A coisa engrossou quando um certo grupo econômico criou campanha publicitária sobre seu respectivo presidente, posto a ombreá-lo com o desaparecido Pedro Balaustre. A resposta veio incontinente de Balaustre Jr, que respondeu à matéria, ameaçando acioná-lo na Justiça através da Ivanholex (Advocacia), dadas a farta documentação franqueada pela Ivanhoinform — Espionagem e Sigilos Industriais. Contudo, antes que a polêmica ganhasse vulto, desapareceu por completo.

Repercutindo o caso, porém, a edição de 4 de julho de 72 da Zero Hora trazia um furo, dado em primeira mão por Aspecyr Umbrella, da Ivanhopress: estavam em negociações uma possível cinebiografia de Louzada Balaustre. Enquanto isso, o Grupo Ivanhoé crescia: foram fundadasa a Ivanhodog (rede de lanchonetes fast-food, em moda na época em Porto Alegre, com o advento do cachorro-quente), Ivanhonasa (Rede de Comunicação), Ivanhoféretro (ramo funerário), Ivanhoar (refrigerações industriais e domésticas), Ivanhocar, Ivanhobrás (aproveitando a onda de civismo dos anos 70) e, por fim, a Rede Ivanhoé Sul de Comunicações. Tudo sempre ganhando relativo espaço na imprensa porto-alegrense.

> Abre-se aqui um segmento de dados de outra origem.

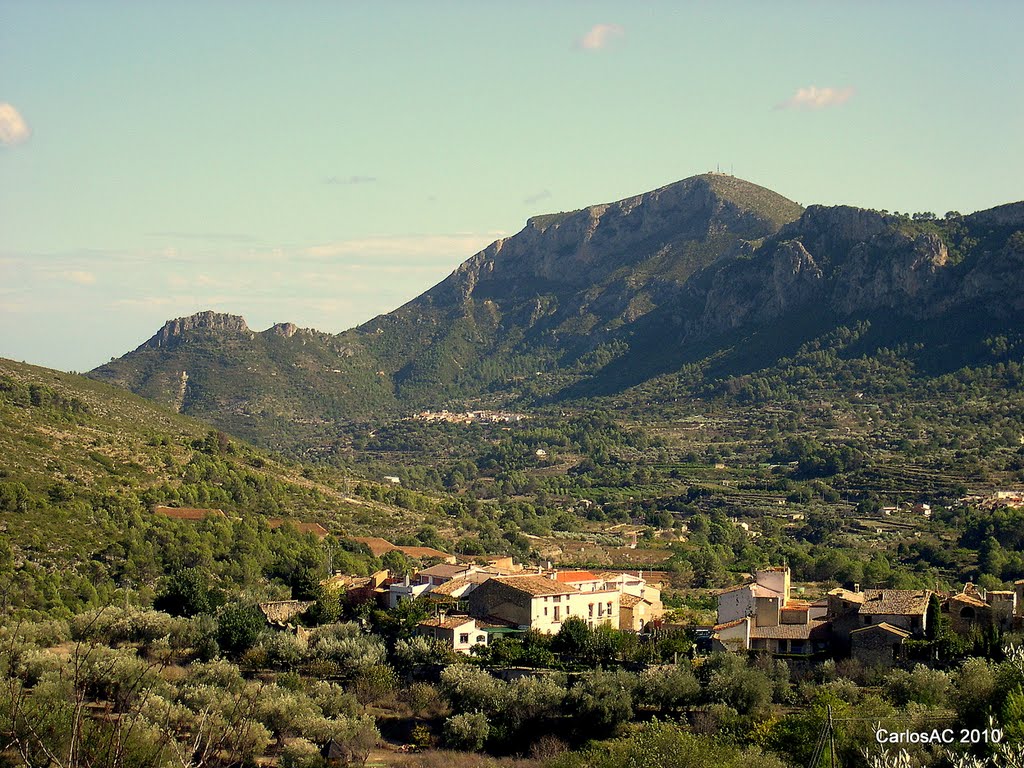 La Carroja con Benirrama en la lejania entre el Castell de Gallinera y El Miserat (756 m.) by Carlos Aguilar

Em notas e rodapés de colunas, também surgiram outros desdobramentos do Grupo Ivanhoé: da parceria comercial com o Grupo Habeas Corpore (rede de supermercados Império S.A), e o surgimento de franchises, como as Boutiques Carmelita, Empresa de Táxi Bandeira 3, Roupas Íntimas Jandira S.A, Cabanha Ivanhoé, Haras Ivanhoé, Ivanhoave (Aviário Ivanhoé), a novos braços tentaculares da Ivanhoé Produções — até a Ivanhoerva (empresa de fomento ao plantio de gererê).

A imprensa também dava conta de uma futura escuderia, o Balaustre's Racing Team, disposto a suplantar a Coopersucar. O patrocínio dos bólidos, é claro, é do Banco Ivanhoé S.A.



Tempos depois, descobriu-se a o Grupo Ivanhoé só existia na cabeça dos idealizadores da brincadeira: Rogério Mendelski, José Antônio Pinheiro Machado, depois contando com a ajuda dos demais citados (aliás, Luiz Fernando Verissimo ficava responsável pelos artigos de fundo, como o reproduzido acima). O mico ficou por conta de próceres tanto da Assembleia do estado quanto do Congresso, que entraram para os anais com seus respectivos votos de pesar, proferidos no púlpito ao passamento do patriarca da inexpugnável Ivanhoé Produções.

E do pároco da Matriz de Muçum, que realmente preparou a igreja para as exéquias do inesquecível Pedro Balaustre. ^



PS: a história sairia, com riqueza de detalhes, no livro Anedotário da Rua da Praia 2 (o melhor dos três), do renato Maciel de Sá Júnior.